The oxidizer tank may comprise the lower portion of a tank consisting of a single tube (stacked tanks; recommended) or a larger-diameter outer tube concentric to the inner tank tube (concentric tanks), with its outlet on the aft bulkhead. The oxidizer tank shall always have a static pressure vent drawing fluid from the forward end of the oxidizer tank. The static vent may be either a hole drilled directly in the side of the oxidizer tank or a hole drilled in a fitting that is stood off from the oxidizer tank. Siphon tubes may be used to locate the static vent in a position aft of the oxidizer tank. The internal fluid path from oxidizer tank to static vent shall never be impeded by valves, seals, or other obstructions.
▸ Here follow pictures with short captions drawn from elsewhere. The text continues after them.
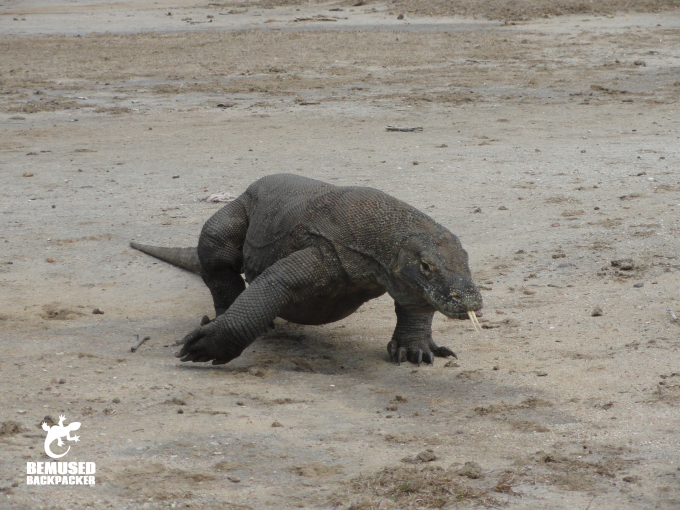 Komodo Dragon on the beach at Komodo Island Indonesia
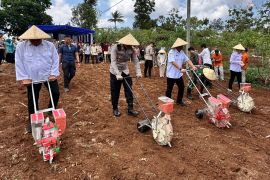 Dispertan Garut terus tanam jagung hingga capai 69.849 ha pada akhir 2025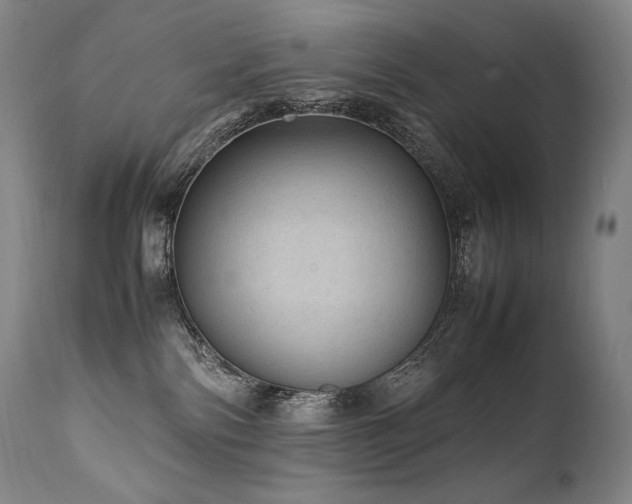 X0000111810138200907231244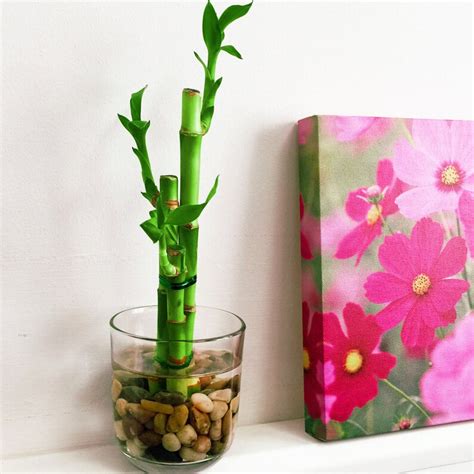 Lucky Bamboo Ribbon Plant Evergreen Indoor Bonsai In Ceramic Etsy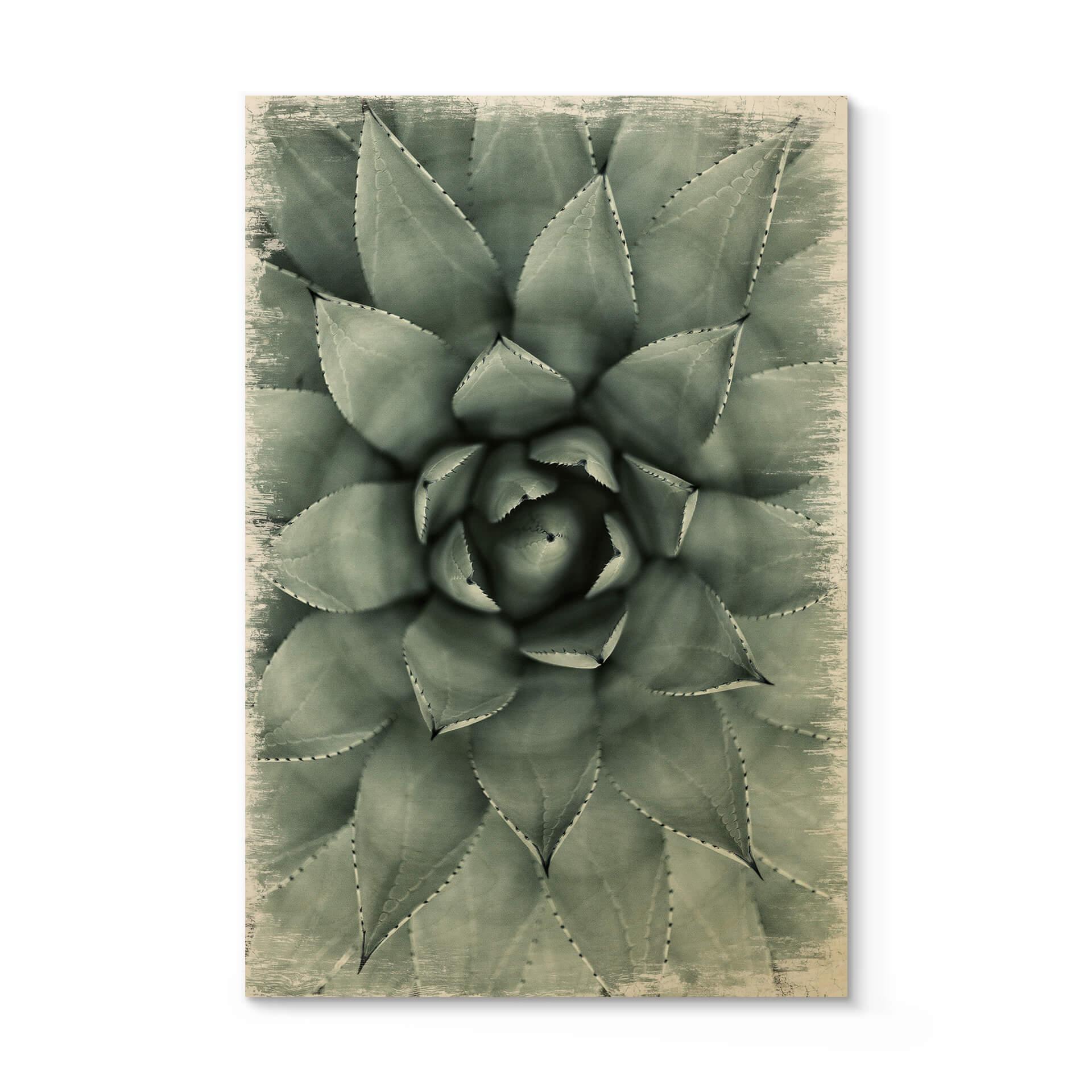 Billede af træ Agave 02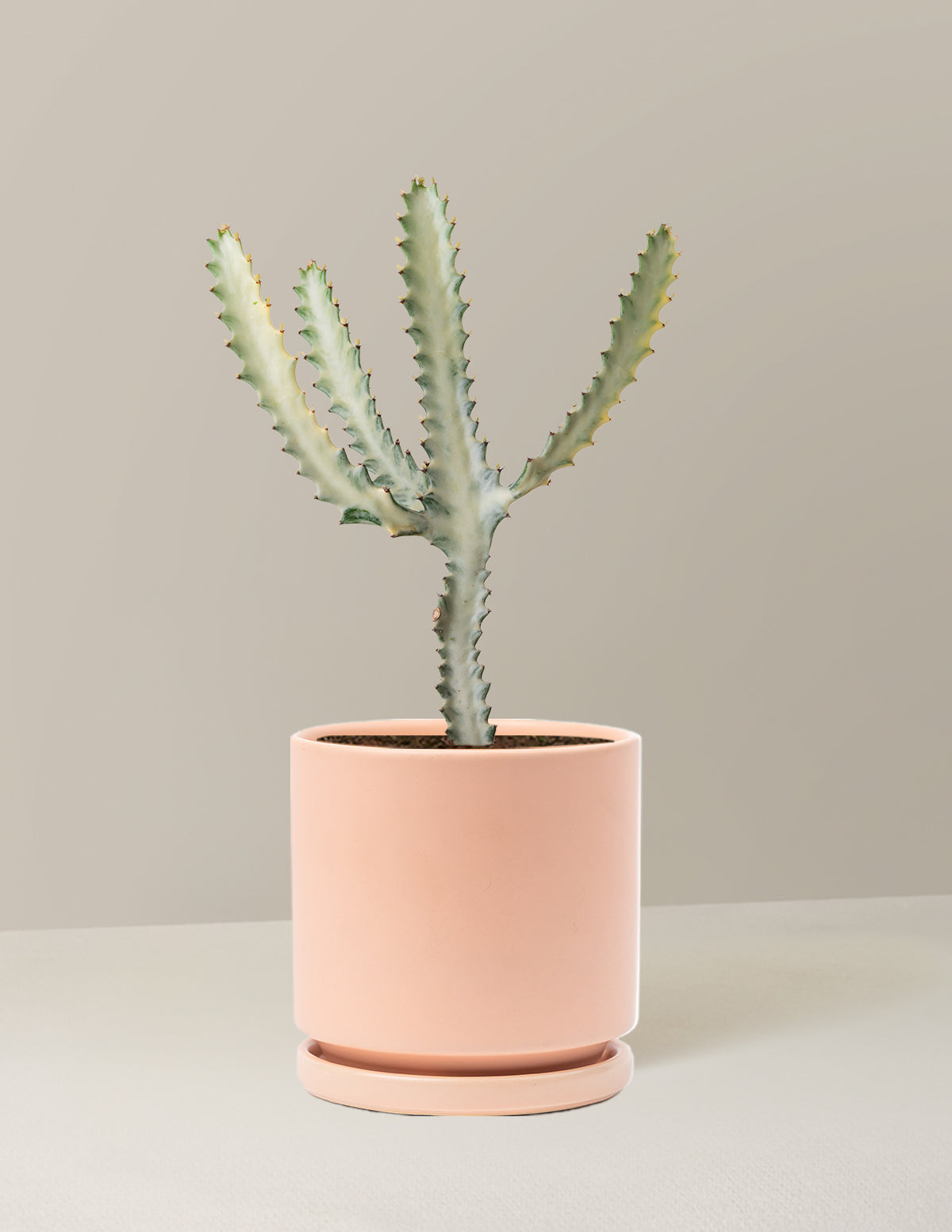 Euphorbia White Ghost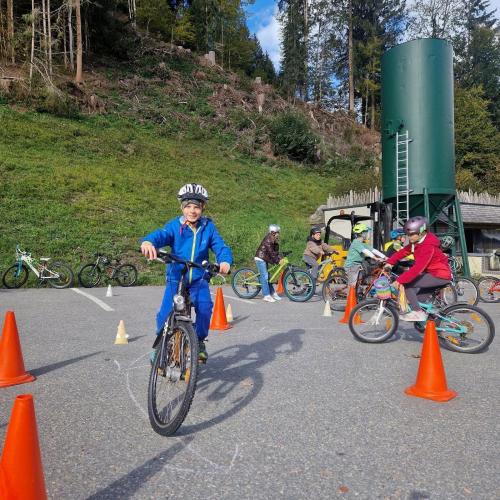 Pro Pedal 3ab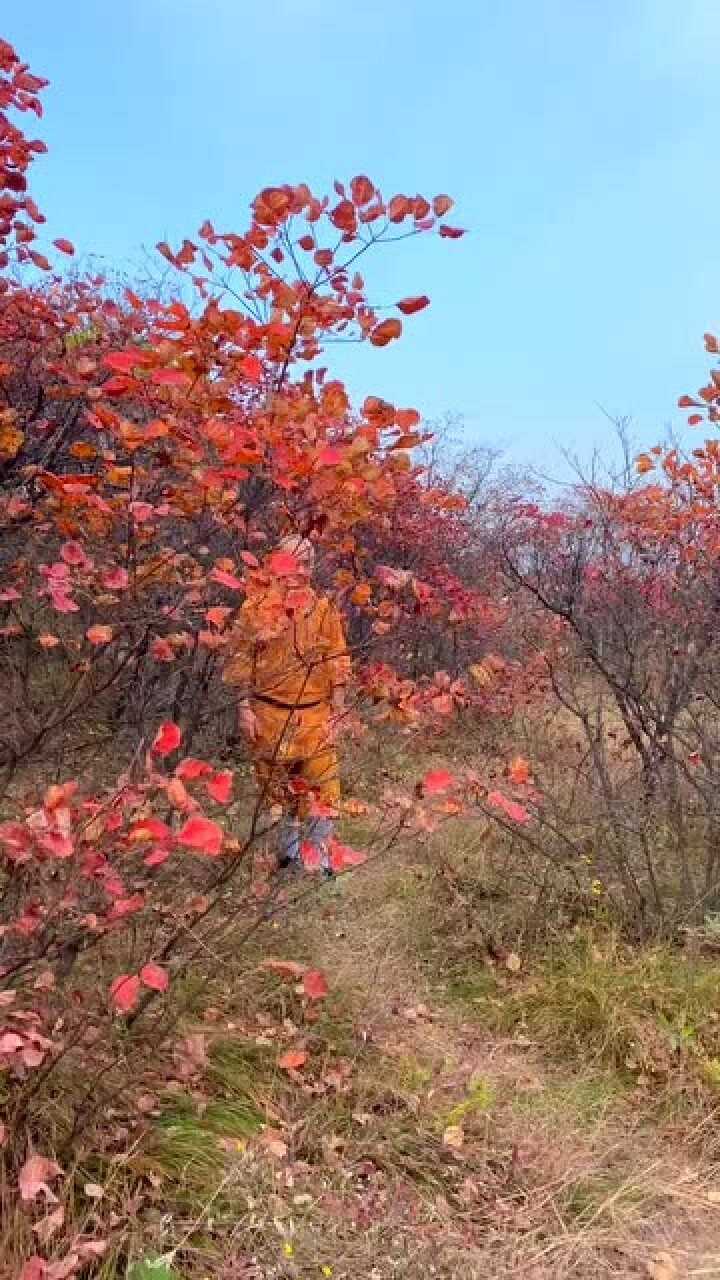 用心做了,無論輸贏都是精彩!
The fuel tank may comprise of the upper portion of a tank consisting of a single tube, with its outlet on the forward bulkhead such that fuel is expelled by upwards motion of the propellant piston (stacked tanks; recommended) or a smaller-diameter inner tube concentric to the outer tank tube, with its outlet on the aft bulkhead such that fuel is expelled by downward motion of the propellant piston (concentric tanks).
The fuel and oxidizer shall be separated by a piston, which is free to slide inside the tank in order to expel the fuel using the pressure applied by the oxidizer vapor. The length of the piston shall be not less than one half of the inner diameter of the tube, and shall include a minimum of two elastomer seals between the fuel and oxidizer. Pistons may use O-rings (recommended) or other types of seals such as U cups, X-rings, square rings, T-rings, or similar. If directional pressure-assisted seals such as U-cups are used, they shall be oriented in opposite directions, such that each seal is assisted by the pressure of the propellant on the side of the piston to which it is closest. Non-elastomer seals including PTFE O-rings, PTFE spring-energized seals, metallic seals, or braided packing seals shall not be used on propellant pistons.
The oxidizer tank shall include a minimum of 5% ullage volume in case of sudden, rapid heating. Ullage may be formed in a stacked tank either by a set distance between the level of the static vent (or siphon tube) and the oxidizer side of the piston or by a hollowed-out pocket in the piston. Ullage may be formed in a concentric tank by any arrangement that forms a cavity which liquid cannot rise to during fill.